══ Data for the task ══
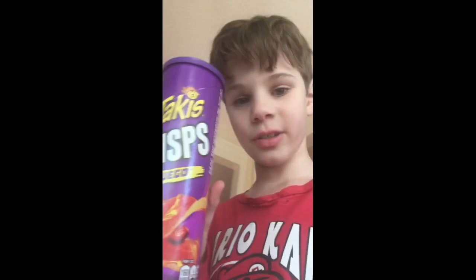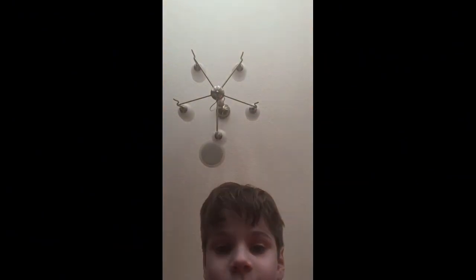Alright, I got some Takis Crisps. I'm gonna eat some Takis Crisps.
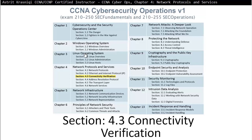Hello and thank you for watching my video. My name is Astrid Krasnichi. I'm a CCNA and CCNP Certified Instructor. On this video we are covering CCNA CyberOps Chapter 4, Network Protocols and Services. This is Section 4.3, Connectivity Verification.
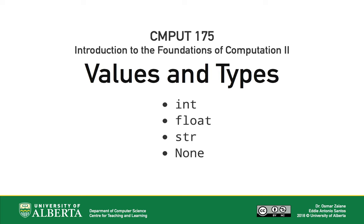In this video, we saw how we can represent numbers in Python using both int and float types. We saw how we can use string to manipulate text. Finally, we learned about the none value for expressing nothingness. In the next video, we'll learn how to use variables to store the results of computations.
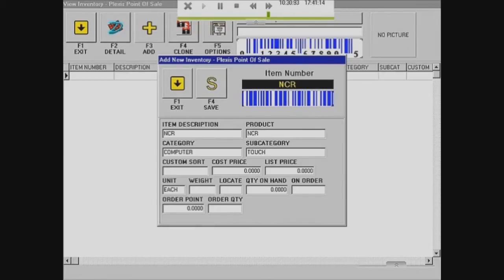So I'll just put in 'touch' for the subcategory. If you're a bar, for example, you can put category as alcohol and subcategory as beer — same idea.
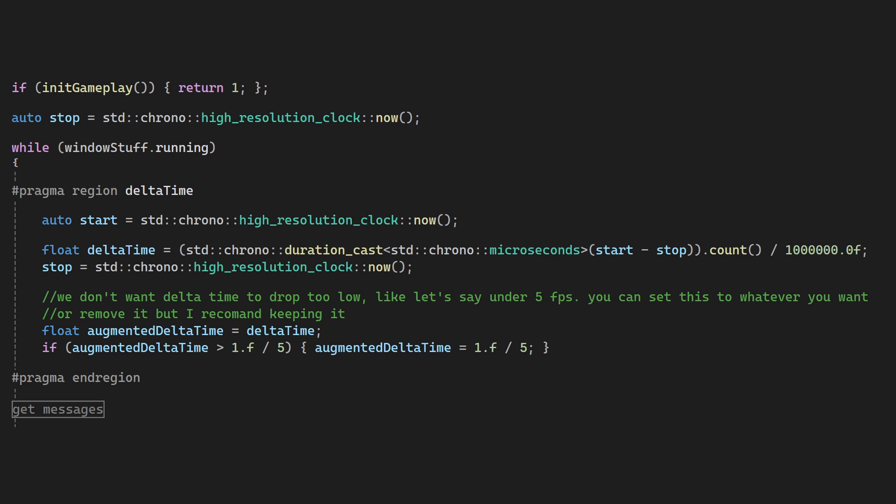Note that I do this thing here, and this is to keep the delta time artificially smaller if the game lags and it becomes too big. This is to eliminate some potential bugs in the gameplay. It's up to you if you want to do this, but we'll look more at time related stuff in another video, because we also need to limit the FPS.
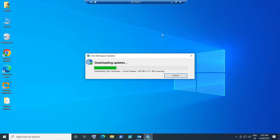Whichever end user device you are on, you can follow the same process — whether you are on macOS or Windows 8, 10, or 11, you can follow the same process.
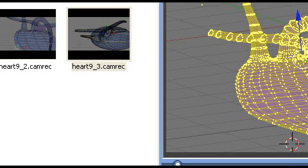Hello, this is Mike Lively from Northern Kentucky University and this is the 10th video in a series of 12 on modeling the heart using Blender.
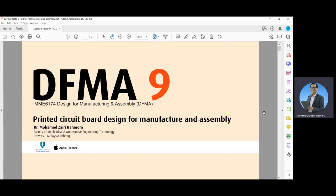Assalamualaikum warahmatullahi wabarakatuh, and a very good day to everybody. This is a video for the course MME 6174, Design for Manufacturing and Assembly, the DFMA.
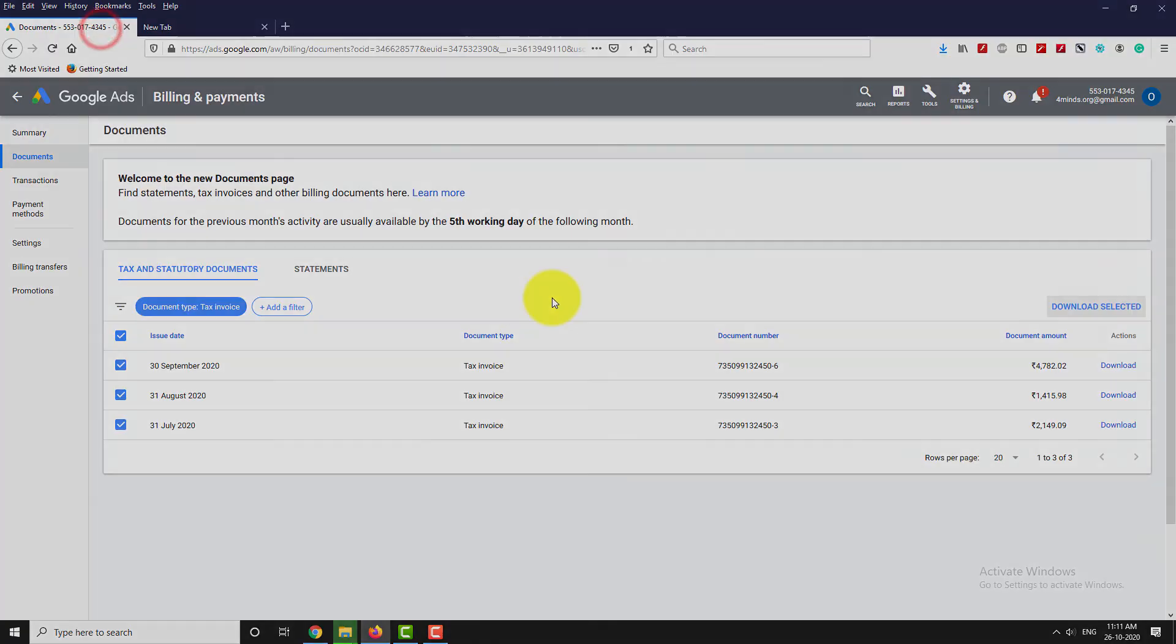This is how you can download tax invoice from Google Ads Account. Thank you for watching.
═══
-- Required work --
Your answer must be the entries repeated exactly, with no pictures.

-- Final answer --
Alright, I got some Takis Crisps. I'm gonna eat some Takis Crisps.
Hello and thank you for watching my video. My name is Astrid Krasnichi. I'm a CCNA and CCNP Certified Instructor. On this video we are covering CCNA CyberOps Chapter 4, Network Protocols and Services. This is Section 4.3, Connectivity Verification.
In this video, we saw how we can represent numbers in Python using both int and float types. We saw how we can use string to manipulate text. Finally, we learned about the none value for expressing nothingness. In the next video, we'll learn how to use variables to store the results of computations.
So I'll just put in 'touch' for the subcategory. If you're a bar, for example, you can put category as alcohol and subcategory as beer — same idea.
Note that I do this thing here, and this is to keep the delta time artificially smaller if the game lags and it becomes too big. This is to eliminate some potential bugs in the gameplay. It's up to you if you want to do this, but we'll look more at time related stuff in another video, because we also need to limit the FPS.
Whichever end user device you are on, you can follow the same process — whether you are on macOS or Windows 8, 10, or 11, you can follow the same process.
Hello, this is Mike Lively from Northern Kentucky University and this is the 10th video in a series of 12 on modeling the heart using Blender.
Assalamualaikum warahmatullahi wabarakatuh, and a very good day to everybody. This is a video for the course MME 6174, Design for Manufacturing and Assembly, the DFMA.
This is how you can download tax invoice from Google Ads Account. Thank you for watching.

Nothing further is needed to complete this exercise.